A first kiss at the end of a date is a burst of nervous excitement, but a man kissing the same woman every morning for forty years is something truly amazing.

There are many talented musicians in my church and it is much fun to hear them perform, but the incredible part of our musical worship is that we sing, in unity, the same words to the same God; and brothers and sisters throughout the world and history sing those same words (although different languages) to the same unchanging and faithful God.

A new song with a fun beat can give us a quick thrill. But there are songs that we have heard a thousand times and with every listen they only grow deeper in their meaning. For me it was worn out songs making up a three-cassette rotation that maintained sanity on the highway.

There is something of deep value in the same moon that lightens the night sky just as it did last night, and in another Saturday evening with the same friends and the same family, even when this occurs in Louisiana.

This is what I am learning now as I prepare for marriage. I must learn to appreciate the rhythm that God has created in my fiance and soon-to-be wife. And to see that it is God behind her fascinating, not mundane, sameness. I believe recognition of this in my heart will be the difference between a life that strives to be a fluid act of worship and a life filled with merely points of worship.

Monday, August 13, 2007

Spoiled Little Daddy's Girl

I am a spoiled snot-nosed daddy’s girl. Well, not literally, but I'll explain. I knew a girl who once got a sports car along with her driver’s permit. She thought she was entitled to it and she didn’t truly understand the freedom and blessing that came with the car. So she didn’t bother to learn how to operate the vehicle, or abide by the traffic laws or how to maneuver the city streets.

Within months she wrecked the car. It wasn’t totaled, but this justified her father into purchasing a newer and better vehicle. He bought her an SUV in order to make her safer and to place every other St. Paul driver in greater danger. She wrecked the SUV shortly after. This trend continued until she graduated high school and I never heard a word about her again. Even though she never learned how to drive and she abused the gifts she was given, her privilege of the freedom found within an automobile was never questioned.

I thought this girl was ridiculous and that she made a fool of her parents who continued to give to her in spite of her arrogance and ignorance. She knew what a car was and that she had one, but had no idea how to use that gift and what responsibilities it demanded from her.

Here I am, years older, and I am just now realizing how much I have in common with that girl. God has poured out abundant grace on me. He has pulled me from my path of destruction and given me the greatest fathomable gift: life with Him. I know that I have His compassion and grace and I can tell you what that means, but I have neglected to learn and deepen my understanding of that grace. I have taken it for granted. I have wrecked it repeatedly, but yet He gives even more.

I have understood grace with my mind, but not with my heart. If you want to know if someone understands grace in their mind, simply ask them what it means and you can know by their answer.
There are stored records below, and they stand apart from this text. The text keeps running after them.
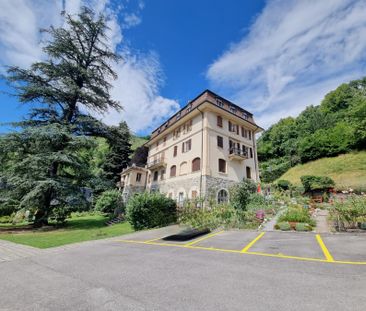 Charmant appartement de 2.5 pièces - Disponible au 01.03.2026 - Photo 4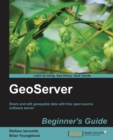 GeoServer Beginner's Guide - Book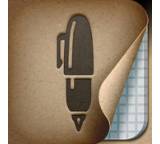 Penultimate 5.2 (für iOS)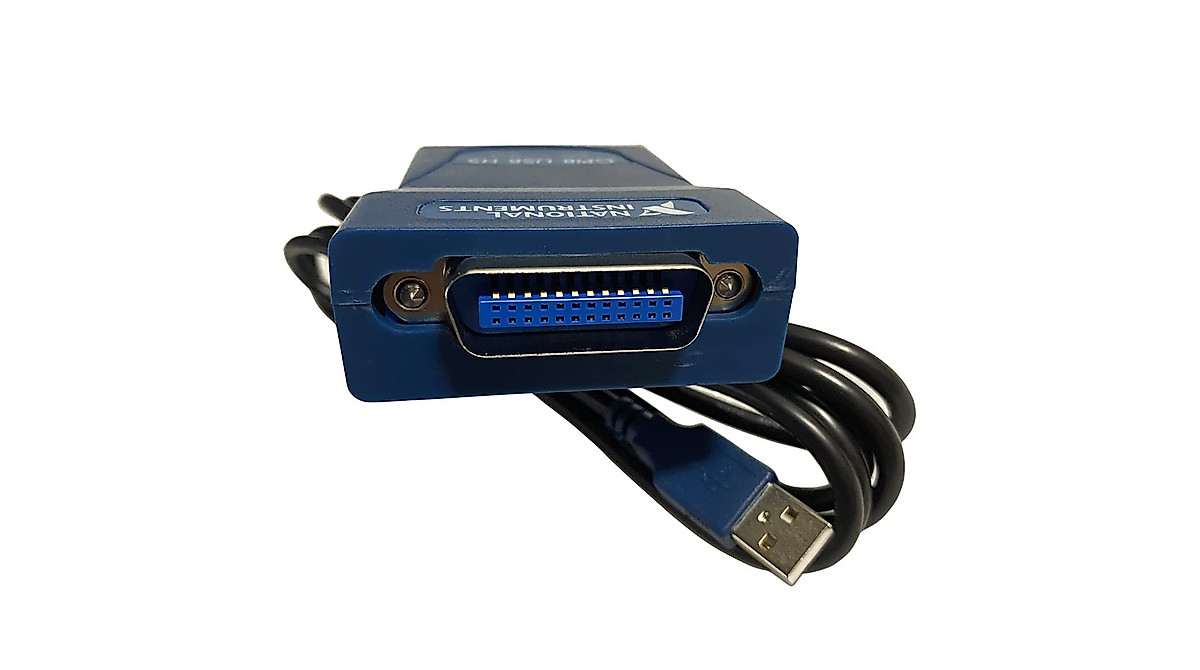 Hariier GPIB-USB-HS Interface Adapter for IEEE 488 | High-Speed Control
If you want to know if someone understands grace in their heart, observe them. Their actions will show their understanding. How do they respond to sin? How do they respond to the grace they claim to know?
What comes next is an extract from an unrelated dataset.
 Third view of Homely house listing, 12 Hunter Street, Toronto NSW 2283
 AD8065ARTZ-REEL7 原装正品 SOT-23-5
Do they repent, but still find themselves drawn in their previous sin which grace has wiped clean? If they do, they don’t have a deep enough understanding of grace in their heart.
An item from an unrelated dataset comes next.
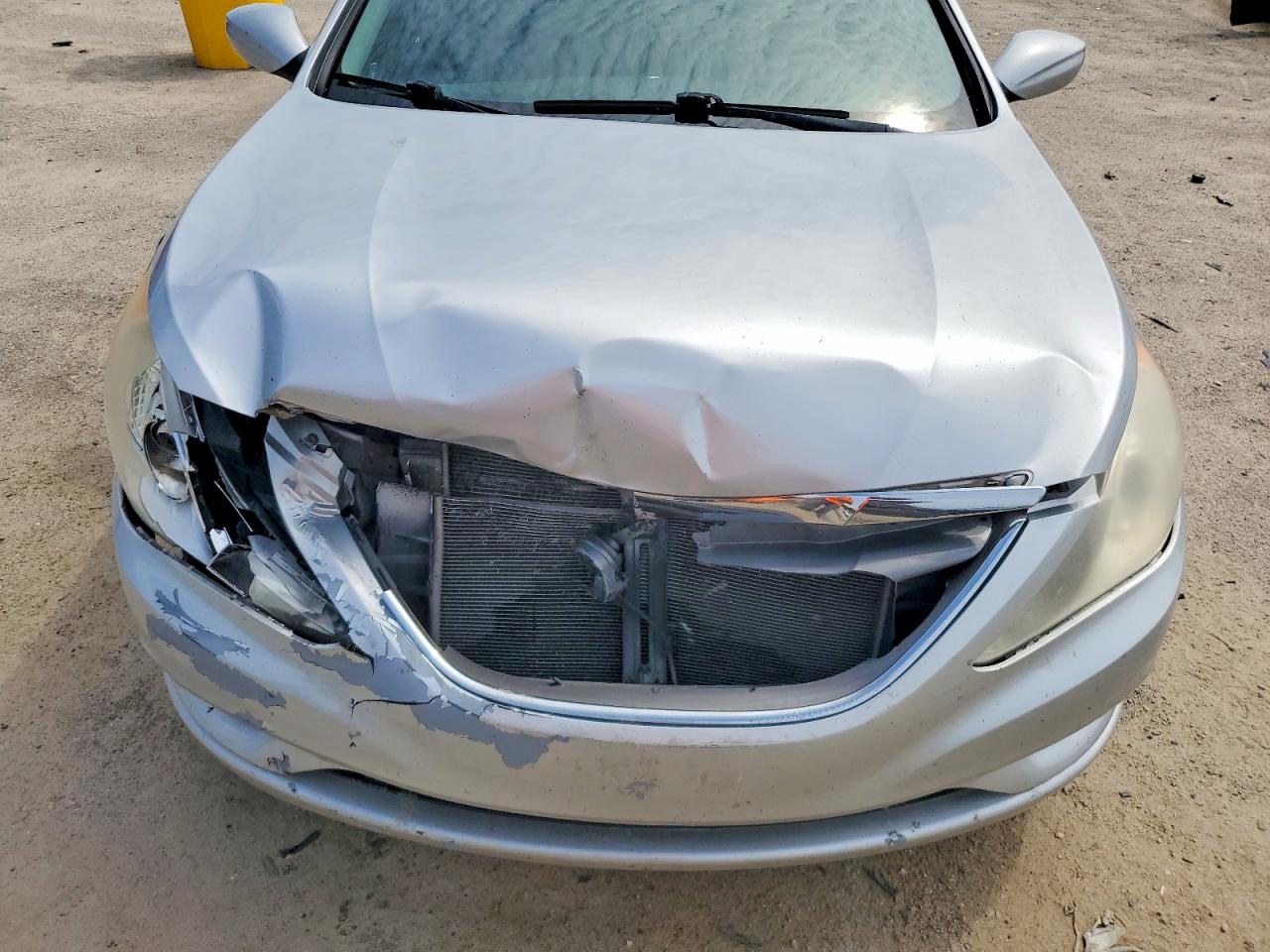 Hyundai SONATA Gls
I remember the first time I read Romans 6 about four years ago. I thought Paul was stating obvious facts and I wasn’t appropriately moved by what I read. Of course, we shouldn’t sin just because we are under grace! But Paul understood me better than I did. He was getting at something much deeper than an intellectual acknowledgement of grace and sin. He knew that the heart was more difficult to teach than the mind.

I have abused God’s grace with frightening alacrity. I have spit upon the gifts he has poured upon me. My actions prove that I don’t understand grace the way I should, because my response has not been to love God in gratitude. My response has been to take that grace and celebrate my freedom by abusing it, much in the same way the teenage girl did with the cars her dad gave her.

But God is not some wealthy neglectful father. He wants us to understand His gift and He has given us His word for that purpose. He wants us to use that gift in a way that others will see and then turn to Him for the same gift. Our actions will evidence our understanding of grace and sin, and my actions have indicted me.

Monday, July 30, 2007

Oh Colorado!

I'm posting my photos from the Hermit Basin retreat with Skillman Bible Church. My fiance and my youngest sister came along. Beautiful weather, beautiful mountains and two beautiful women. What a week!

I discovered it's much easier for me to worship in Colorado. I'm trying to figure out how to view Dallas in the same light...

Friday, July 13, 2007

Crazy Good

The title of this blog is the over-simplified and vague description of my life right now. The past two weeks have been both crazy and good. Which is why I have not made the effort to post to my blog in that time frame. I will have more to come soon, but for now the only thing I want to do is introduce the dominant reason for the craziness and especially the goodness. The future Mrs. Jenni Neffendorf, formerly (well, and currently) Miss Jenni Wilson.

God is always good. He gives and takes away but for now He has just been giving. I will remember this time.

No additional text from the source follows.